The beauty of Gibbet Island and its idyllic facing coves belies an ugly past. Its name refers to the gallows post that once stood on the island, a site where slaves and criminals were hanged, their bodies on public display as a warning to passing maritime traffic. Such history remains a sore spot for the island’s black—and white—communities in the ongoing effort to foster harmonious race relations over 170 years after Emancipation in Bermuda. If there is any peaceful closure, it is the happy laughter of children of both races who mingle all summer on this popular, though private, little atoll, generally called “Gibbet’s,” but officially named Gibbons Bay. There are actually two islands (the smaller is Little Gibbet), each with tiny coves and reefs separating the area into sheltered swimming and anchoring spots. Longtails nest in the roadside cliffs, and kingfishers sit on the power line between the islands, eyeing their fish prey before darting over the water beneath.

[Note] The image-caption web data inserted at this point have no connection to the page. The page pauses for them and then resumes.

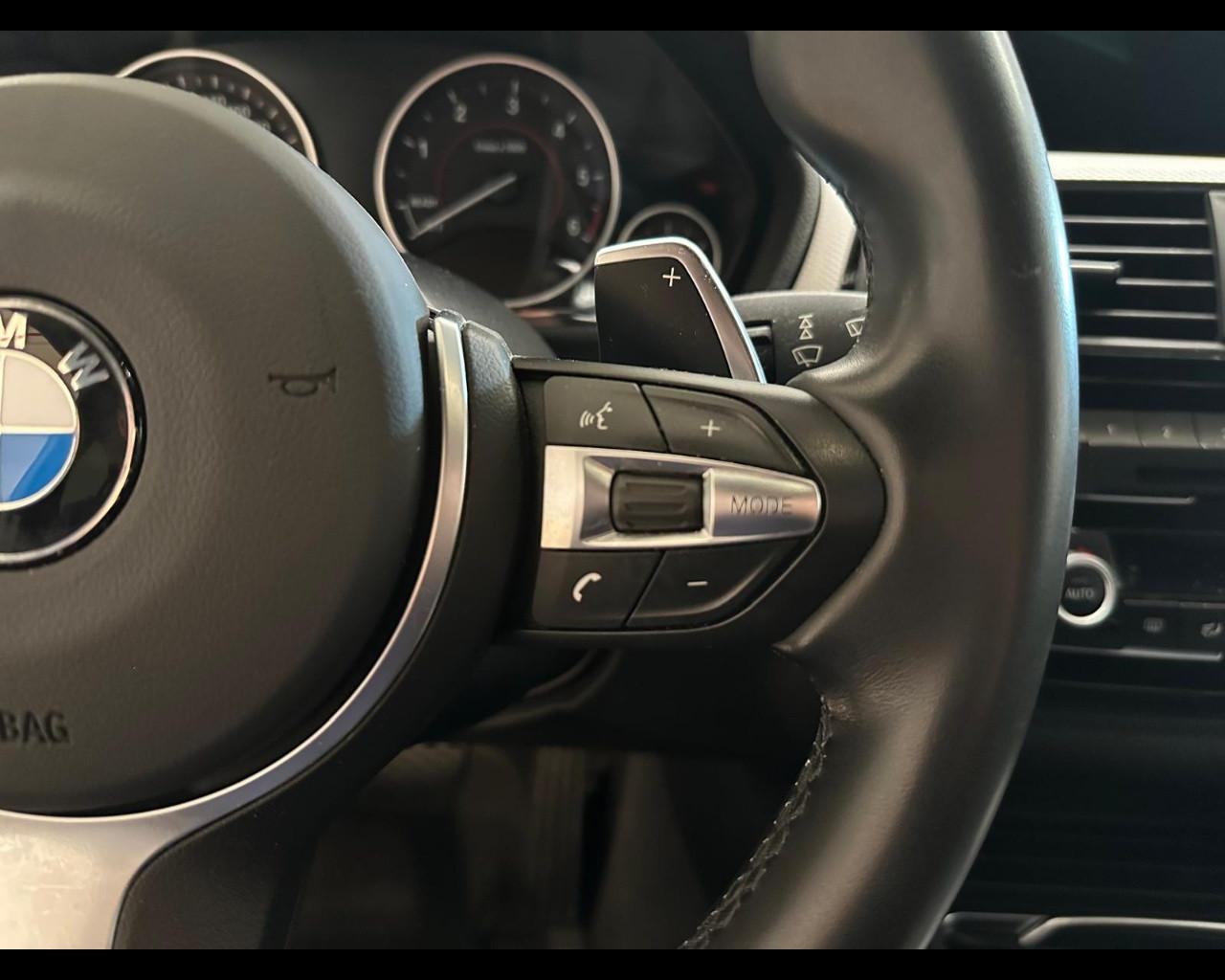 BMW Serie 3 (F30/31) - 320d xDrive Touring Msport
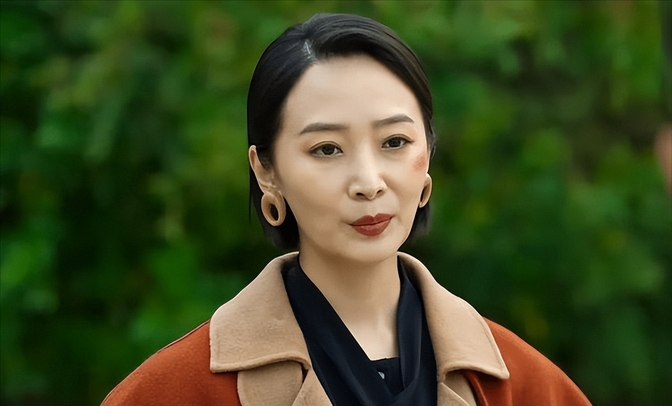 演员曲珊珊,嫁给落魄的黄海波,任劳任怨九年,如今苦尽甘来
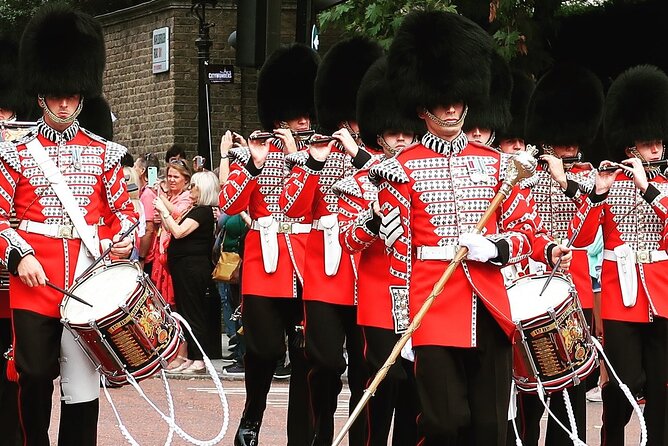 Changing of the Guard Guided Walking Tour in London - Price and value: $25.52 for a short, high-demand experience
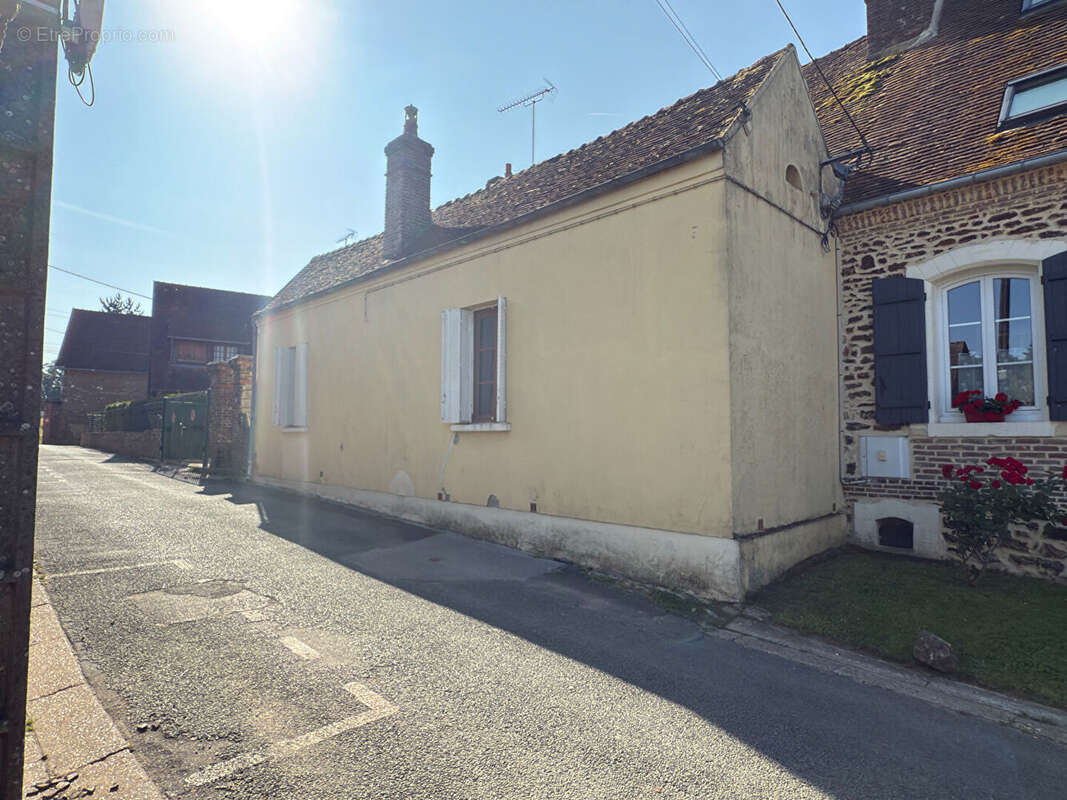 Maison à LACHAPELLE-AUX-POTS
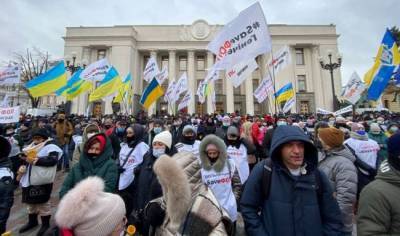 Владимир Зеленский - Украинские депутаты пошли навстречу митингующим у Рады предпринимателям - eadaily.com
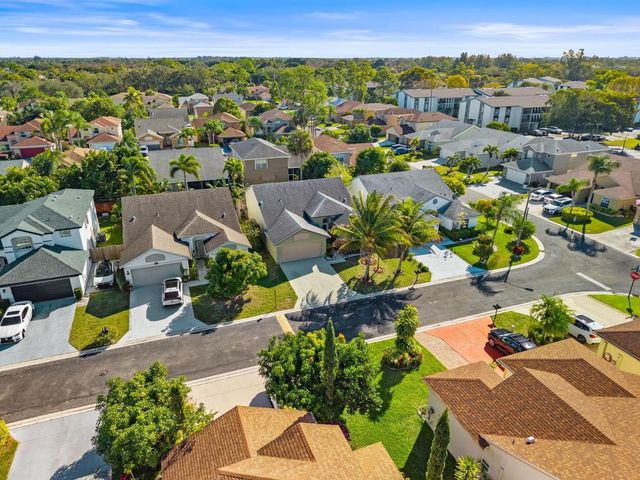 113 Cypress Lane, Royal Palm Beach, FL 33411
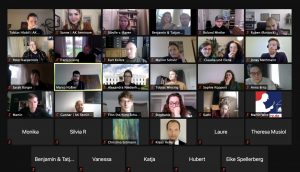 Zoom Meeting mit vielen verschiedenen Menschen, kleine Kamerabilder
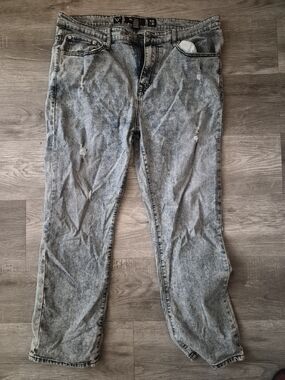 MBX Men's Light Wash Distressed Jeans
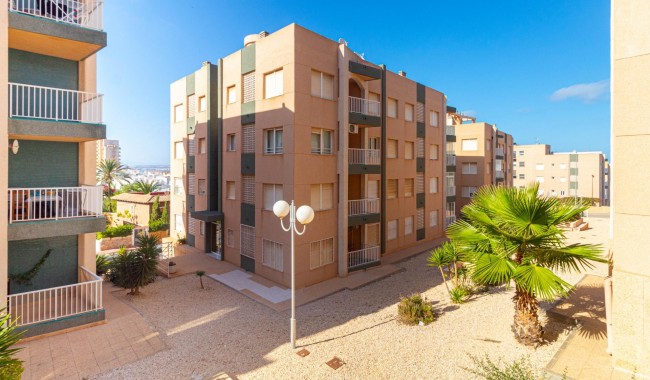 Lägenhet - Begagnad - Torrevieja - La Mata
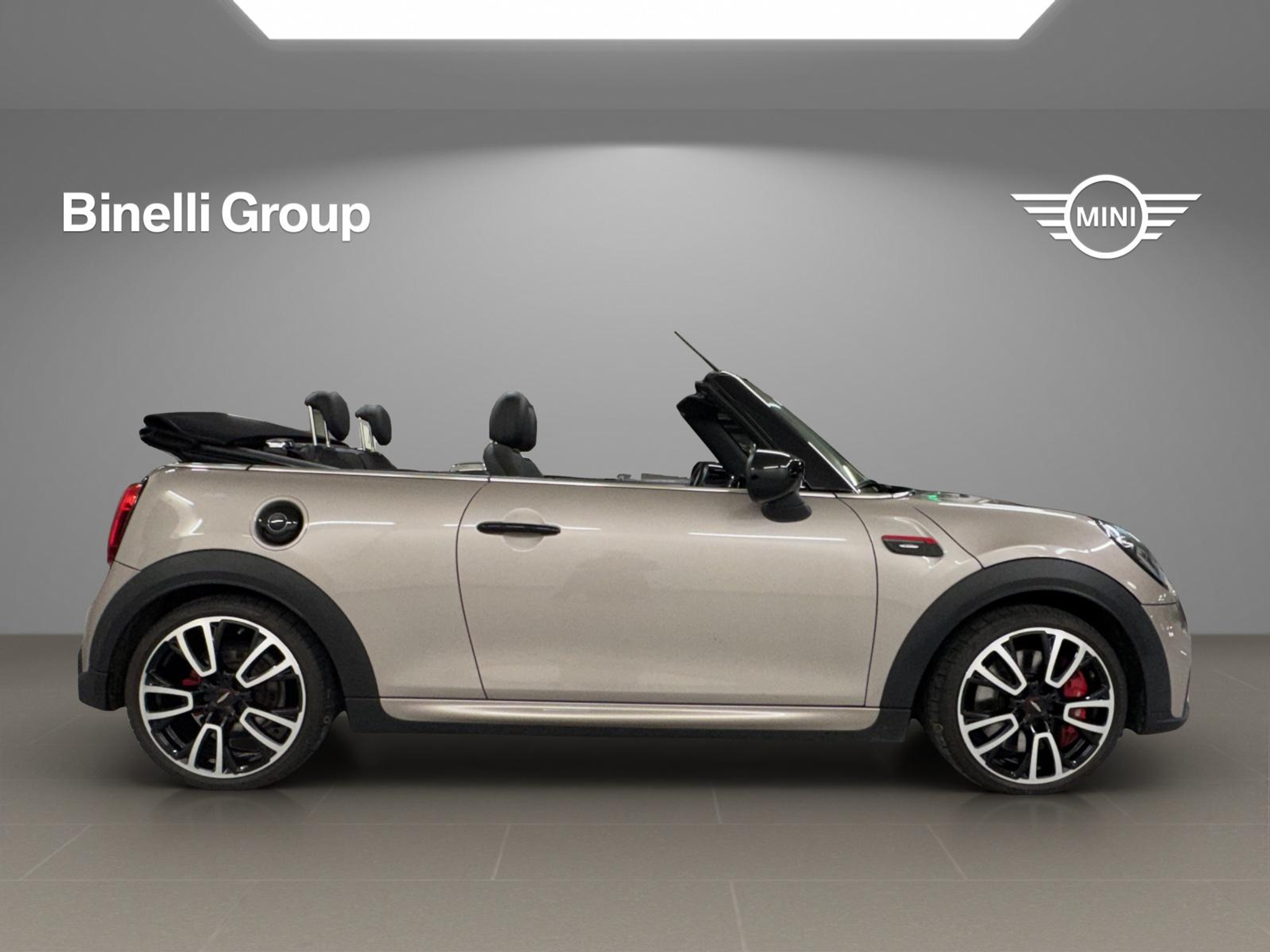 listing desktop thumbnail image 5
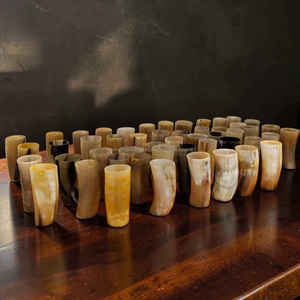 Tasse rustique en corne de viking, sculptée à la main, en corne de bœuf, à prix abordable - Product Image 2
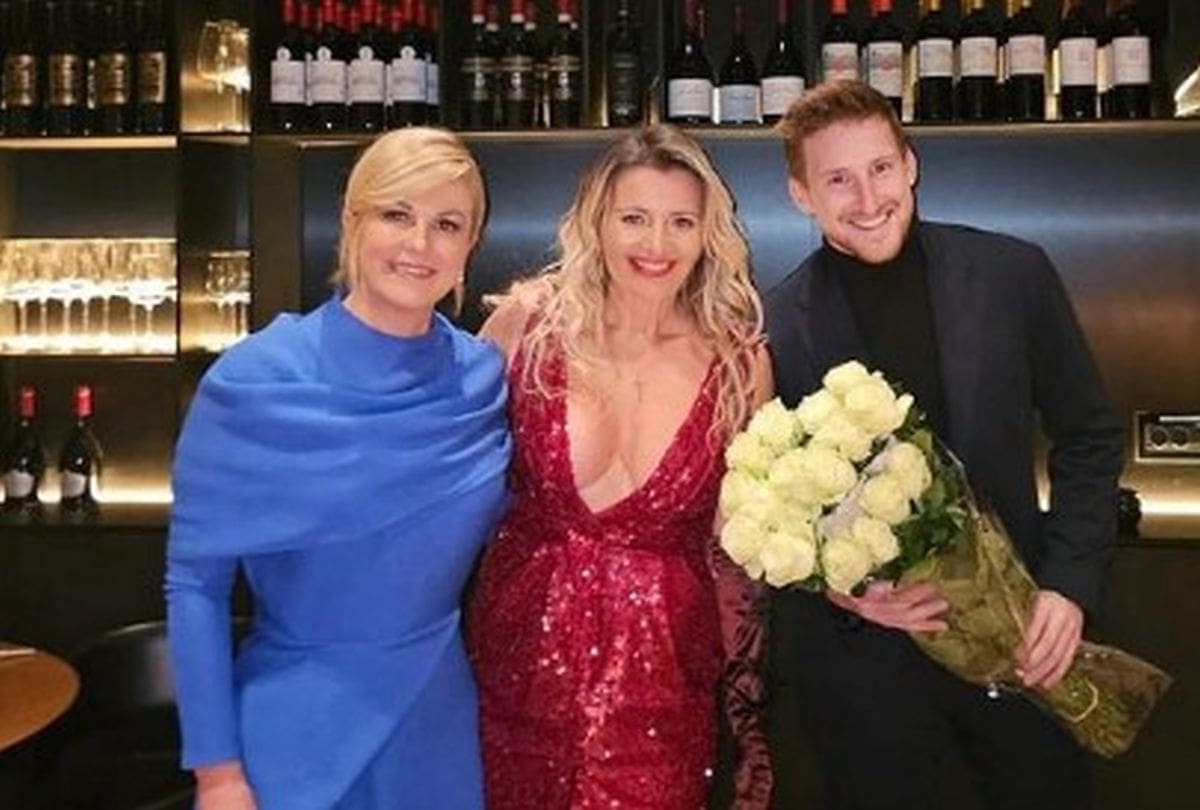 Bivša predsjednica nakon dodjela nagrada odjurila na rođendansku proslavu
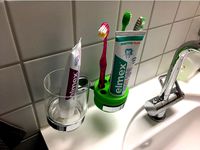 dental glass replacement by sauri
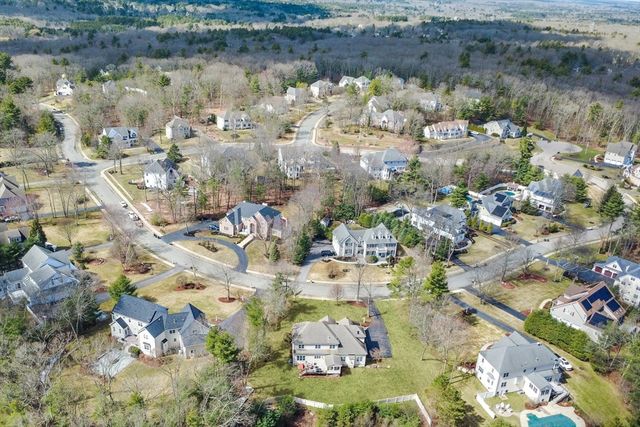 43 Lenox Drive, Franklin, MA 02038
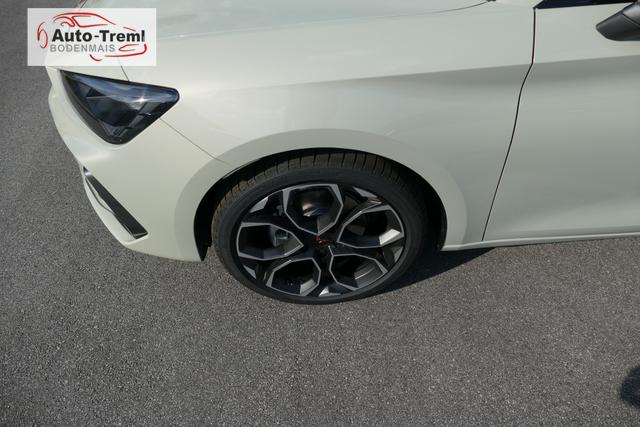 Cupra Leon 1.5 e-TSI DSG 150 PS Facelift Matrix 18" Windstorm Kamera Edge Paket SHZ LHZ Navi via Full Link PDC vo+hi 5JG 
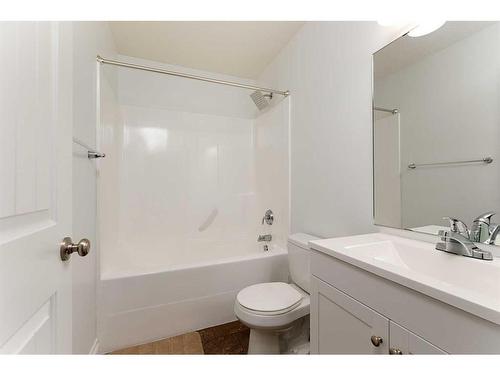 1404 47A Avenue, Lloydminster, SK - Indoor Photo Showing Bathroom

While the majority of the property is owned by a private family trust, numerous groups have been granted access in the past, including families of police officers in the 1970s and 1980s when Gibbet’s was known as the “Police Beach.” (My father, a Welsh-born sergeant, was a member of the local Force for two decades, so I practically grew up here.) General access to the property is today possible via the restored Railway Trail, since Gibbet’s sits at the end of the Smith’s Parish section of this popular walking route. Indeed, the old concrete supports remain above the beach on its grassy verge, and two large bridge pylons stand in the water at the mouth of Flatts Inlet—over which the train used to travel to and from Shelly Bay and points east.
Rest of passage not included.